[Start of section]

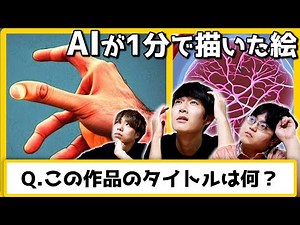 【新時代】"1分で画像生成するAI"が描いた理系単語を当てるクイズが面白すぎたwww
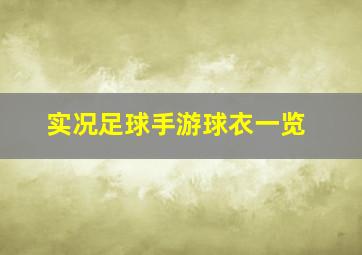 实况足球手游球衣一览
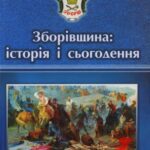 خرید و دانلود نسخه کامل کتاب Зборівщина: історія і сьогодення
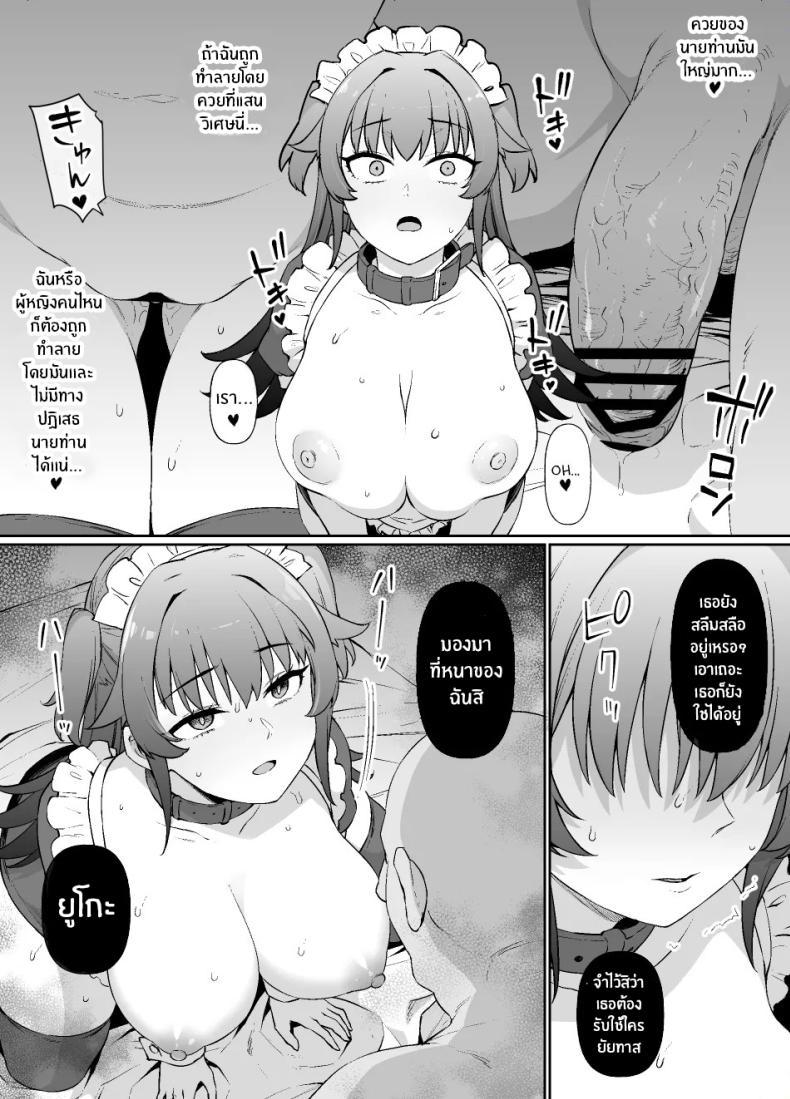 Doujin-Lc- อ่าน โดจิน มังฮวา เกาหลี ญี่ปุ่น จีน แปลไทย ชีวิตนี้อุทิศให้นายท่าน [Kusayarou] ตอนที่ 1 2 3 4 5 6 7 8 9 10 11 12 13 14 ฟรี ไม่มีโฆษณา อ่าน โดจิน Manhwa เกาหลี ญี่ปุ่น จีน เรามีครบ คัดมาให้เน้นๆ โดจิน 18+ รับประกันความฟินโดย  Doujin Lc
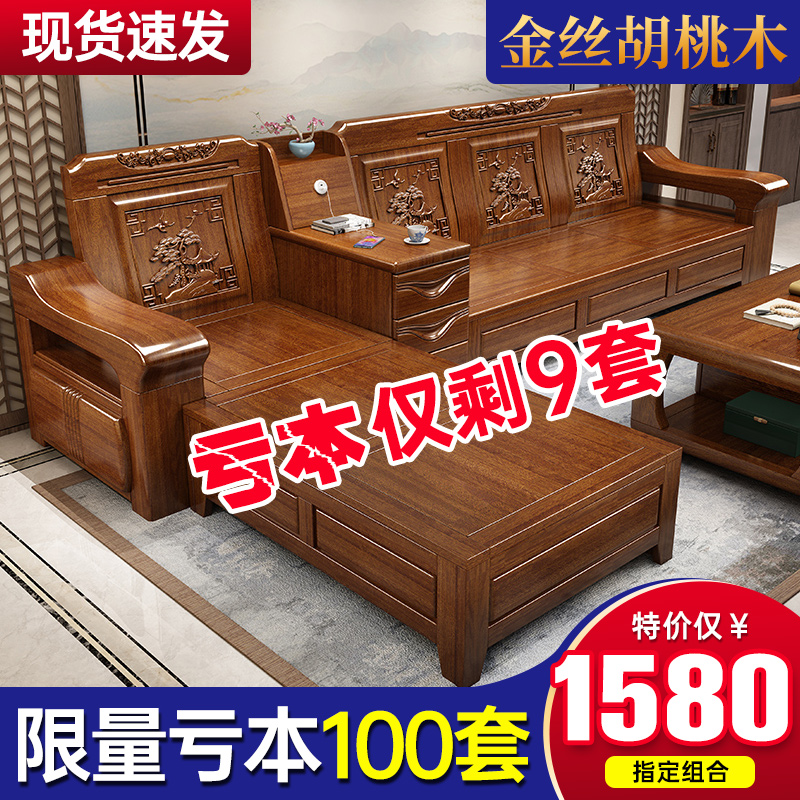 Walnut solid wood sofa living room all solid wood combination new Chinese style small apartment modern simple winter and summer dual-purpose sofa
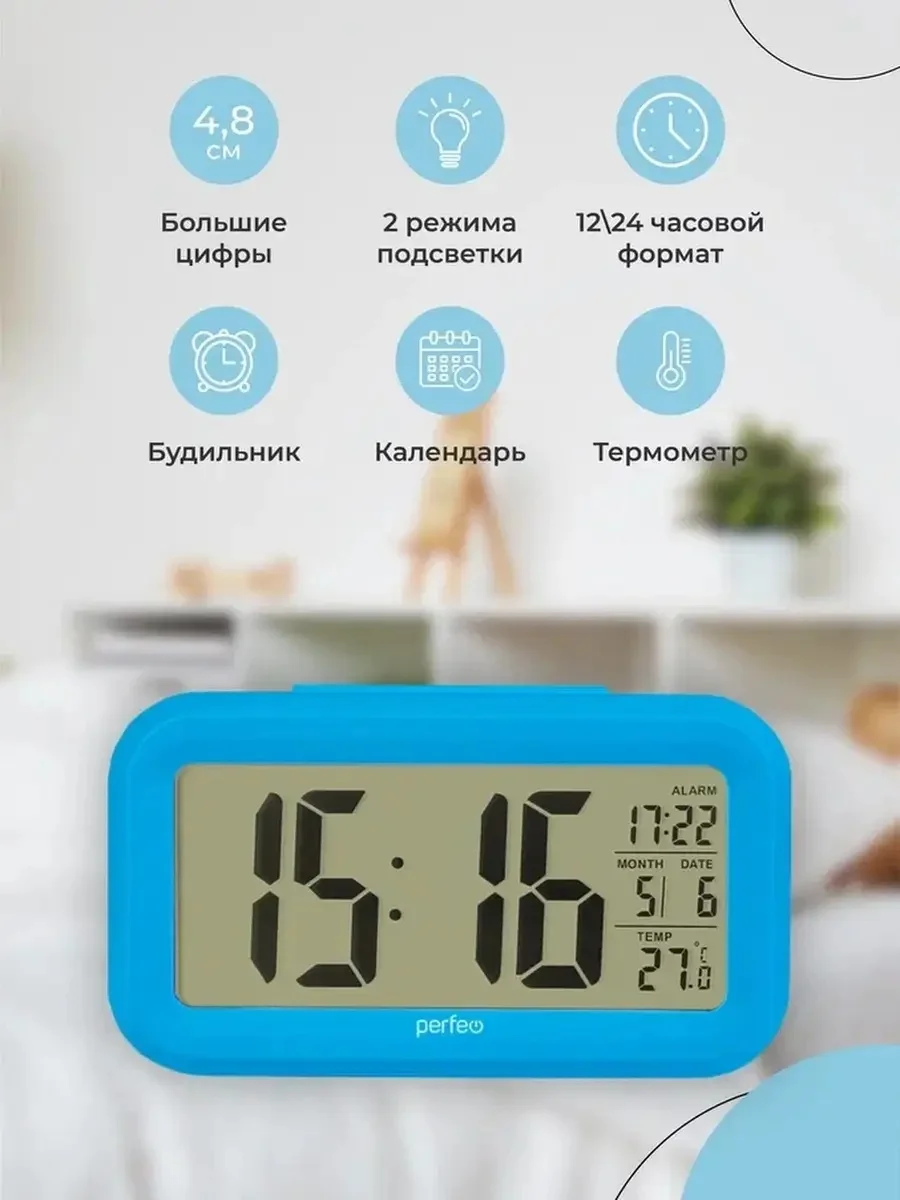 Синий часы-будильник Perfeo "Snuz", время, температура, дата, 3 цвета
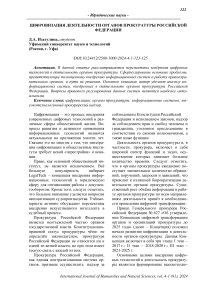 Цифровизация деятельности органов прокуратуры Российской Федерации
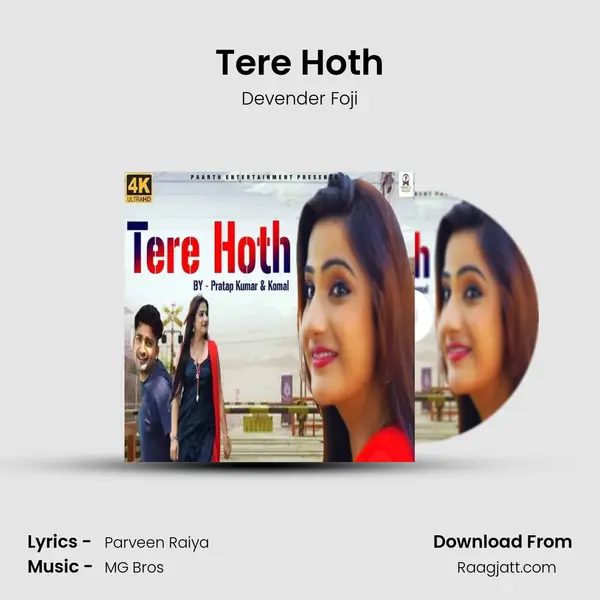 Tere Hoth mp3 song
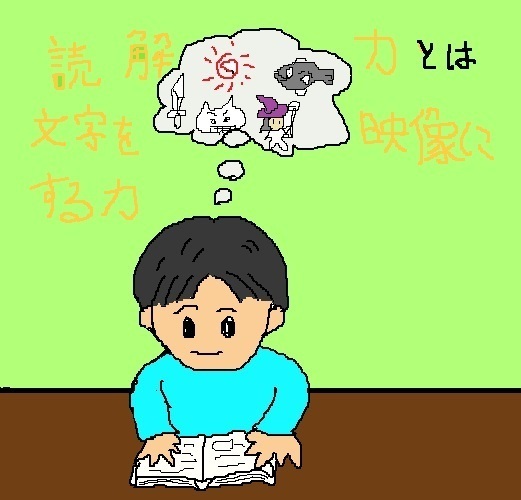 2025-04-09-dokkairyoku.jpg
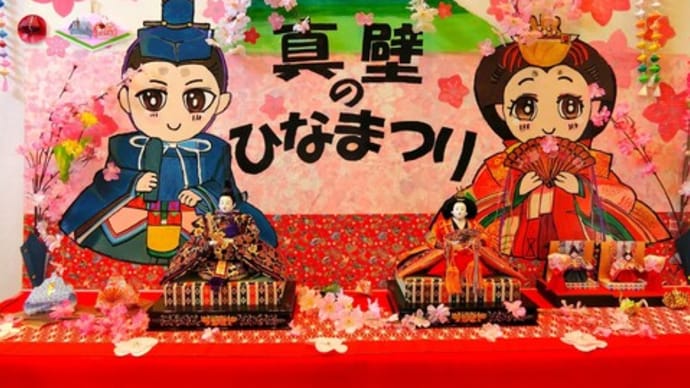 真壁のひなまつり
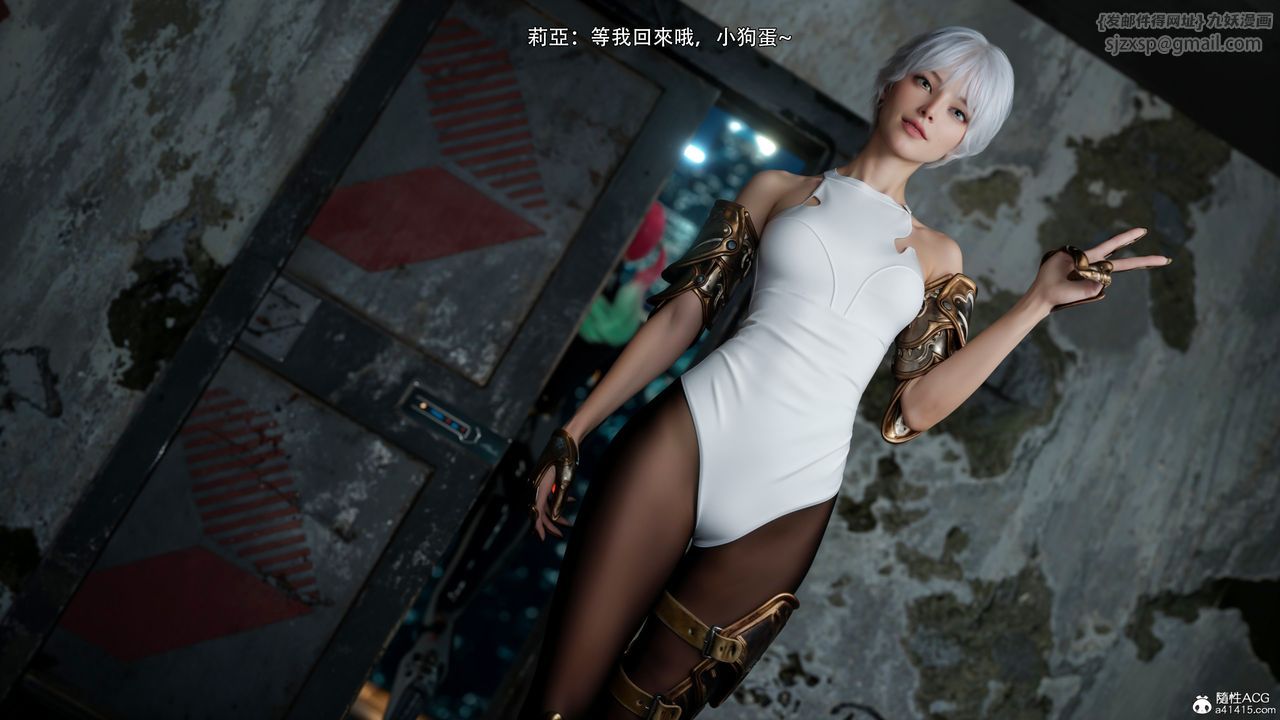 [3D]逆转HD+IF第55話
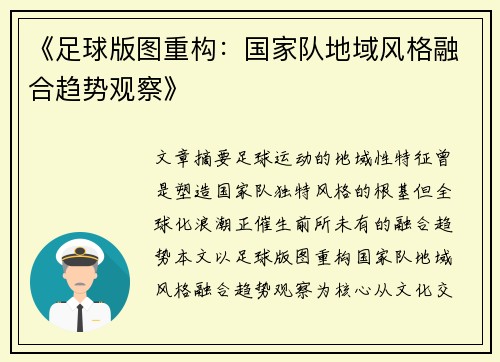 《足球版图重构：国家队地域风格融合趋势观察》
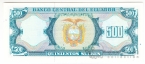 Эквадор 500 сукре 1988 (подпись тип 1)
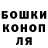 Canna-Cookies конопля Denis Ev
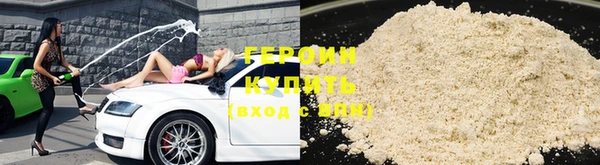 экстази Кодинск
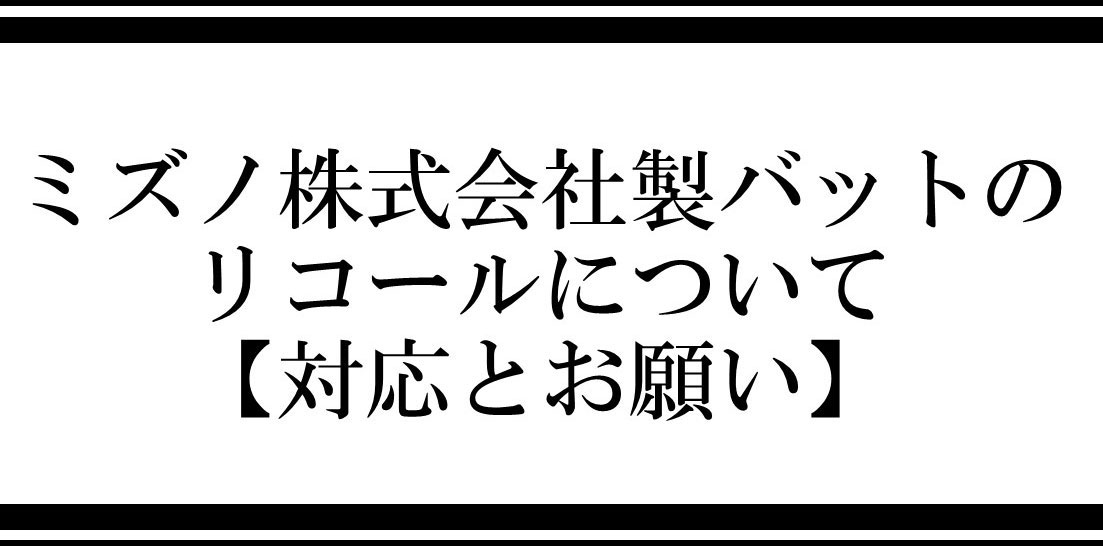 ミズノ株式会社製バットのリコールについて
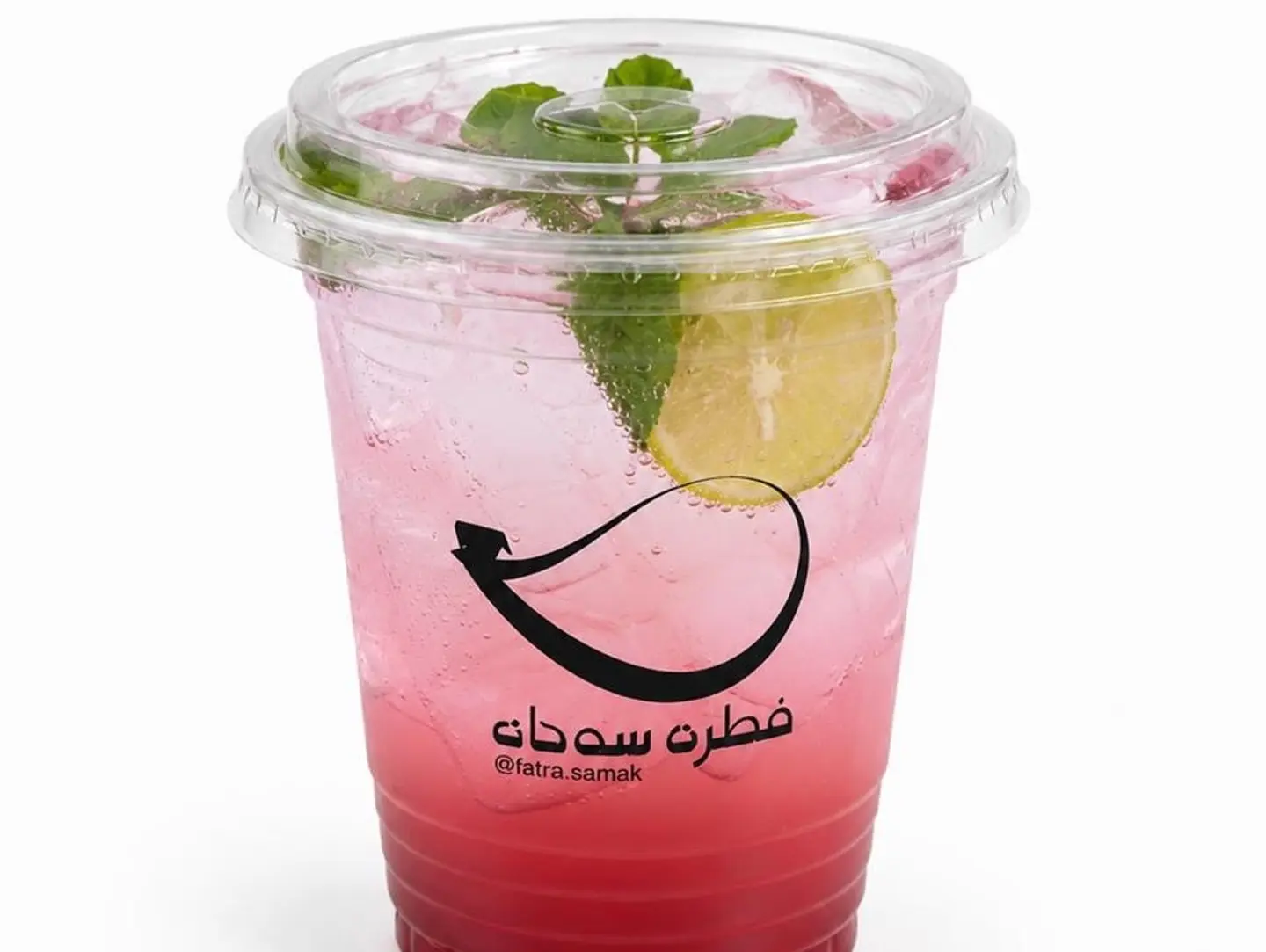 Mojito Strawberry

[End of section]

[Exercise directions]
All of the material above should be output exactly, with the pictures left behind.

[Completed task]
 【新時代】"1分で画像生成するAI"が描いた理系単語を当てるクイズが面白すぎたwww
 实况足球手游球衣一览
 خرید و دانلود نسخه کامل کتاب Зборівщина: історія і сьогодення
 Doujin-Lc- อ่าน โดจิน มังฮวา เกาหลี ญี่ปุ่น จีน แปลไทย ชีวิตนี้อุทิศให้นายท่าน [Kusayarou] ตอนที่ 1 2 3 4 5 6 7 8 9 10 11 12 13 14 ฟรี ไม่มีโฆษณา อ่าน โดจิน Manhwa เกาหลี ญี่ปุ่น จีน เรามีครบ คัดมาให้เน้นๆ โดจิน 18+ รับประกันความฟินโดย  Doujin Lc
 Walnut solid wood sofa living room all solid wood combination new Chinese style small apartment modern simple winter and summer dual-purpose sofa
 Синий часы-будильник Perfeo "Snuz", время, температура, дата, 3 цвета
 Цифровизация деятельности органов прокуратуры Российской Федерации
 Tere Hoth mp3 song
 2025-04-09-dokkairyoku.jpg
 真壁のひなまつり
 [3D]逆转HD+IF第55話
 《足球版图重构：国家队地域风格融合趋势观察》
 Эквадор 500 сукре 1988 (подпись тип 1)
 Canna-Cookies конопля Denis Ev
 экстази Кодинск
 ミズノ株式会社製バットのリコールについて
 Mojito Strawberry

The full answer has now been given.